HTCondor Project List Archives



[Date Prev][Date Next][Thread Prev][Thread Next][Date Index][Thread Index]

Re: [Condor-devel] New-style locking



Brian,

I am actually glad to receive some feedback on that. The ticket related to those changes can be found on https://condor-wiki.cs.wisc.edu/index.cgi/tktview?tn=1310 ; this will give you at least some insight what's going on.

The high-level idea behind those changes: We encountered quite some problems with locking on shared file systems and wanted to make sure that files will be locked on the local file system.

The "randomness" is explained by the file name of the file to be locked being hashed, then the first 4 digits form two subdirectories, followed by a directory named after the user id of the file owner, followed by the residual hash value digits as file name.

Why it is done that way: We wanted to prevent the creation of too many files/directories in one subdirectory, i.e. that's why we wanted the uid to be the last directory instance

The uid being currently always the user running the daemon, that is a bug and needs to be fixed - agreed.

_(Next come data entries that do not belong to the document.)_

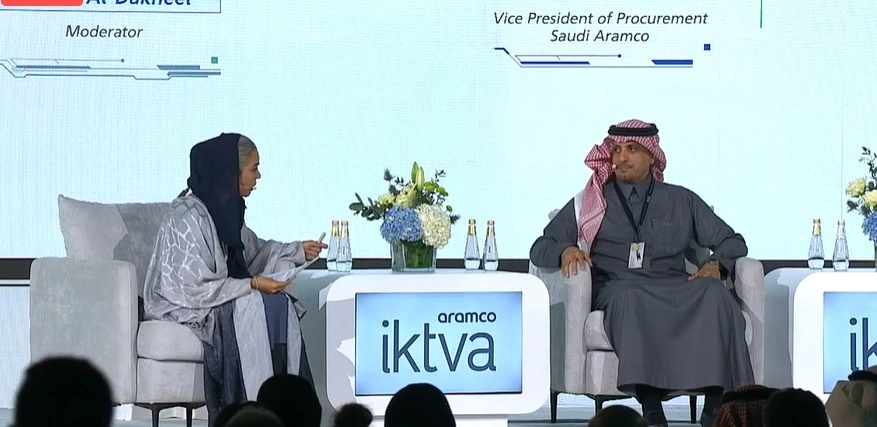 More than 100 of Aramco’s international suppliers on course to establish regional hubs in Saudi Arabia: Top official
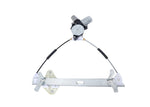 For 03-07 Honda Accord Passenger Side Front Power Window with Motor Regulator image 2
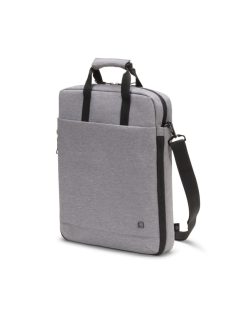 Dicota Laptop Tote Bag Eco Motion 15,6" Light Grey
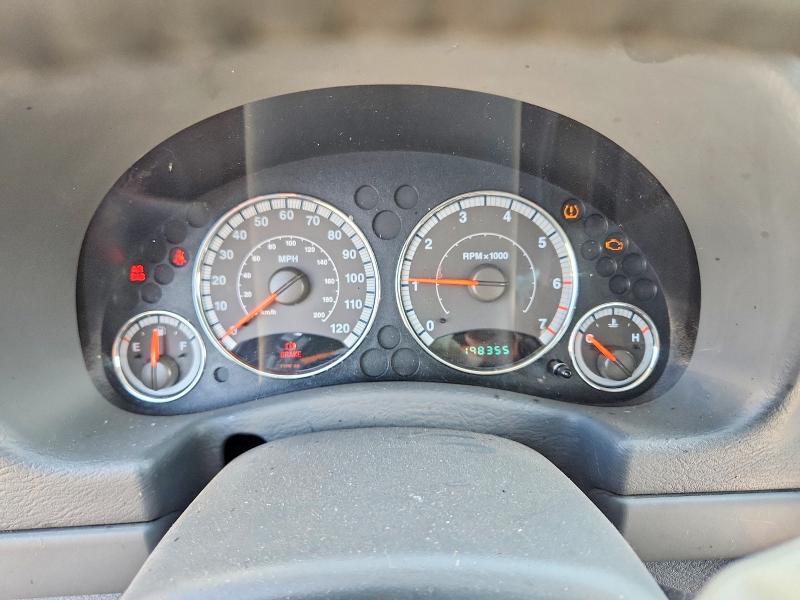 Photo 9 from auction – 2005 JEEP LIBERTY with VIN 1J4GL58K65W563819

Commenting on Matt's message that arrived while I was typing this message: /tmp/condorLocks is *not* hard-coded. It takes first into accout the TMP_DIR or TEMP_DIR config entries.

-- Cathrin


On 12/17/2010 09:54 AM, Brian Bockelman wrote:
Hi folks,

Can someone explain the new-style locking to me (or at least point me to the design document)?  I just upgraded to a bleeding-edge Condor and new-style locking started to be used for the first time.

I saw lots of files being created in /tmp/condorLocks (which is inappropriate, that's what /var/lock/condor is for).  Inside it, there are hundreds of files (after running the schedd for a few minutes, 2000+ total entries in the directory tree) and a lot of directories.  The files are owned by many users and the directories (again, owned by many users) are world-writeable.

Note - it would be very helpful if you could organize the locks by owner, instead of having an apparently random scheme.  The semantics are probably identical, but it'll help sysadmins understand what's happening.

I see a lot of errors in the ScheddLog along the lines of this:

12/17/10 09:45:11 (pid:5168) directory_util::rec_touch_file: File /tmp/condorLocks/29/85/0/285458.lockc cannot be created (Permission denied)
12/17/10 09:45:11 (pid:5168) directory_util::rec_touch_file: File /tmp/condorLocks/29/85/0/285458.lockc cannot be created (Permission denied)
12/17/10 09:45:11 (pid:5168) FileLock::FileLock: File locks cannot be created on local disk - will fall back on locking the actual file.
12/17/10 09:45:11 (pid:5168) Warning: Failed to open event rotation lock file /var/log/condor/EventLog.lock: 13 (Permission denied)

I don't know what EUID is being used to create the lock file, so I don't know whether the Permission Denied errors are appropriate.  The EventLog.lock issues aren't new, but the directory_util::rec_touch_file lines are new.  I think the EventLog.lock has always been rotated with the wrong permissions in the most recent versions of Condor.

So, there's lots of things happening, quite a few errors in the logs, but it appears the system is working.  I would appreciate whatever background folks can provide.